_DATASET EXCERPTS:_
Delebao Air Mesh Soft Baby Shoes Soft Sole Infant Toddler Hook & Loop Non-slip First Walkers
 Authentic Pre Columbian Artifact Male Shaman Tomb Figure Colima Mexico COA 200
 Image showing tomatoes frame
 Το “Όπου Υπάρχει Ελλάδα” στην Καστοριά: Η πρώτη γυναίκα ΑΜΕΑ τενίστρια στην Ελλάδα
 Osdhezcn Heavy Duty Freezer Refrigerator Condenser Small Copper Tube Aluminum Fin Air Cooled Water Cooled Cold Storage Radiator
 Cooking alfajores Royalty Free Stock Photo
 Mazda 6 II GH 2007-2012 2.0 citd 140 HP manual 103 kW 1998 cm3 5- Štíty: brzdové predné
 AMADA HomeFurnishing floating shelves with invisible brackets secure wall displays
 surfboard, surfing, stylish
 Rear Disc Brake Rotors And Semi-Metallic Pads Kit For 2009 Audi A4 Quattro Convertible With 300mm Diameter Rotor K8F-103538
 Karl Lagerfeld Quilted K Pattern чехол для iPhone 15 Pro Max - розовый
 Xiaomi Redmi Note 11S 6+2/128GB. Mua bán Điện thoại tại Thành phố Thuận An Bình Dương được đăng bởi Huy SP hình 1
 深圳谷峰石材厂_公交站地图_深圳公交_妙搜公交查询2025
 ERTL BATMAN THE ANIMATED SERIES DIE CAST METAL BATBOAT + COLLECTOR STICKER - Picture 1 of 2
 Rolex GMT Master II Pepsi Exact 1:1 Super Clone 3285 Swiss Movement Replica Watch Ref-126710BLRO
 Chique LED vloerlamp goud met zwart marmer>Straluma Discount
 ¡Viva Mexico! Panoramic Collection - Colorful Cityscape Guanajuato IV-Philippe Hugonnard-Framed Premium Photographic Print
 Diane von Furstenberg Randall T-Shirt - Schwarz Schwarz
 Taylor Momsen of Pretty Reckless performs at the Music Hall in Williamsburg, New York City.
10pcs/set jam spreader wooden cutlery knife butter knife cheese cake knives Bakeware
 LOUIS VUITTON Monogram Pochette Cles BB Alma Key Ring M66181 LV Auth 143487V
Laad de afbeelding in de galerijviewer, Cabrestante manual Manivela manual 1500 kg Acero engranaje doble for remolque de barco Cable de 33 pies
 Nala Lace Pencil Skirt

_YOUR ASSIGNMENT:_ Everything from the line containing "Laad de afbeelding" through the final line above must be copied exactly, with both ends kept.

_SOLUTION FOR THIS PROBLEM:_
Laad de afbeelding in de galerijviewer, Cabrestante manual Manivela manual 1500 kg Acero engranaje doble for remolque de barco Cable de 33 pies
 Nala Lace Pencil Skirt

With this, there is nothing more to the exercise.